Mar 26, 2017

Daniel Kahneman on the spreading falsehoods

A reliable way to make people believe in falsehoods is frequent repetition, because familiarity is not easily distinguished from truth.  Authoritarian institutions and marketers have always known this fact.

~ Daniel Kahneman

Mar 22, 2017

Doug Pollitt on the U.S. government bond market

If you are a creditor, the last person you want to see on the other side of the table is Donald Trump.

~ Doug Pollitt, "And the dull pangs of regret...," Pollitt & Co. Research, November 16, 2016

Mar 17, 2017

Kevin Duffy on how Milton Friedman was guilty of data mining when studying the Great Depression

Milton Friedman studied the Great Depression and noticed that money supply dropped by one-third from 1929-1933.  He came to the conclusion that this was the cause of the depression and that the Fed hadn't acted strongly enough.  He also influenced a guy by the name of Ben Bernanke who, at Friedman’s 90th birthday party, vowed not to make the same “mistake.” 

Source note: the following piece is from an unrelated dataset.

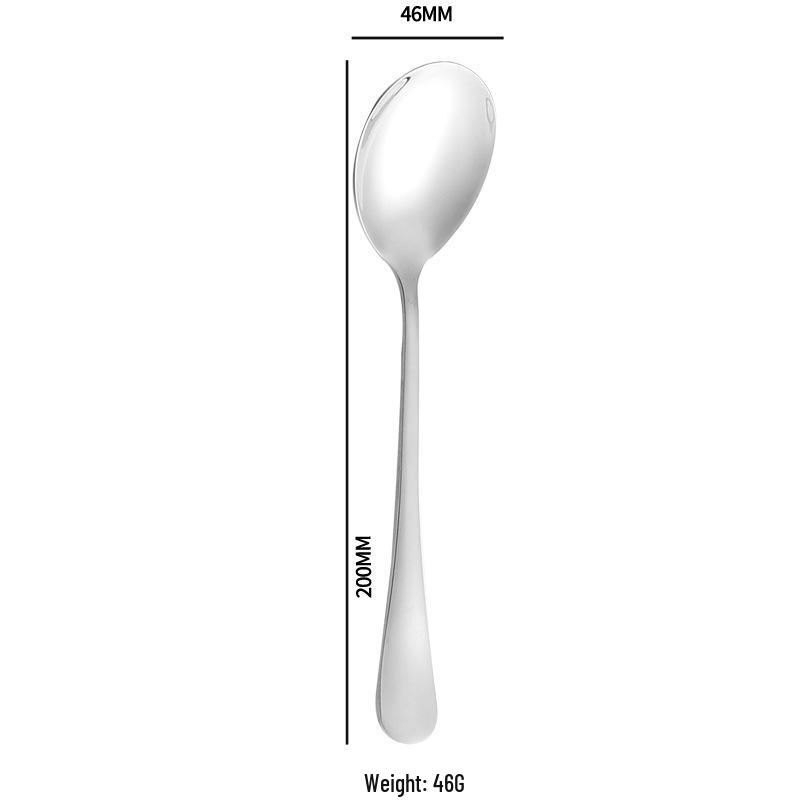 1010 Stainless Steel Western Cutlery Set: Steak Knife, Fork, Spoon, Dessert Spoon, Serving Fork, and Ice Spoon.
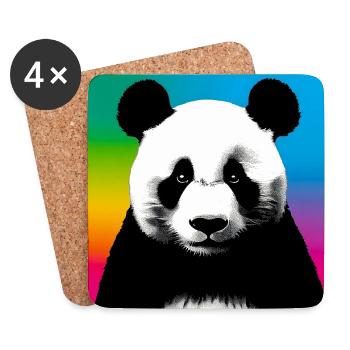 Panda - Untersetzer (4er-Set) - Weiß - Vorne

Did the Fed really sit bit idly as Friedman claimed?  Actually, no.  The Fed acted aggressively, buying government securities and expanding its balance sheet from 1929-1933.  It also lowered the discount rate from 5% to 1 ½%.  Friedman appears to be guilty of data mining.  Correlation doesn’t prove causation.  In fact, gold flows and loss of confidence in banks were contributing factors to the contraction in money supply.  If anything, the monetary inflation of the Fed probably made matters worse.

~ Kevin Duffy, "Mr. Market Flunks the Marshmallow Test," Grant's Spring Conference, March 15, 2017

Mar 12, 2017

Kevin Duffy on the elitist bubble

The financial elites think the masses are ignorant rubes who show up late for every asset party.  Yet it is the elites who are most economically ignorant -- the ultimate bag holders this cycle.

~ Kevin Duffy

Mar 9, 2017

~ Joseph Sobran on the two economies

As I see it now, there are really two economies — two distinct systems of producing and exchanging wealth.  Or rather, two systems that purport to do these things, though only one of them really produces anything, and the other is organized by a peculiar form of exchange.

The first is what is called the trade economy — the one summed up in the phrase "the free market."  The other might be called "the tax economy."

The trade economy is so familiar there is no need to say much about it, beyond pointing out that its operative principle is consent.  Its mechanism is the price system.

The tax economy is something fairly new—to America anyway.  A few generations ago the amount of wealth taken in taxes was only a sliver of the country's aggregate wealth.  But the government's share has increased to such an extent that it has become a whole separate economy.

~ Joseph Sobran, "The Two Economies," The Free Market, January 1991

Joseph Sobran on greed and the state

The state is never accused of greed.  There is no limit to what it may take from us. And those who live on what is taken in taxes are never accused of greed either.  Greed is virtually identified with the "profit motive." We have no invidious term for the parasitic motive.  The state and its clients are all but immune from moral criticism.

~ Joseph Sobran, "The Two Economies," The Free Market, January 1991

Mar 5, 2017

Business Week economist on government spending to fight the Great Depression

Just as we saved our way into depression, we must squander our way out of it.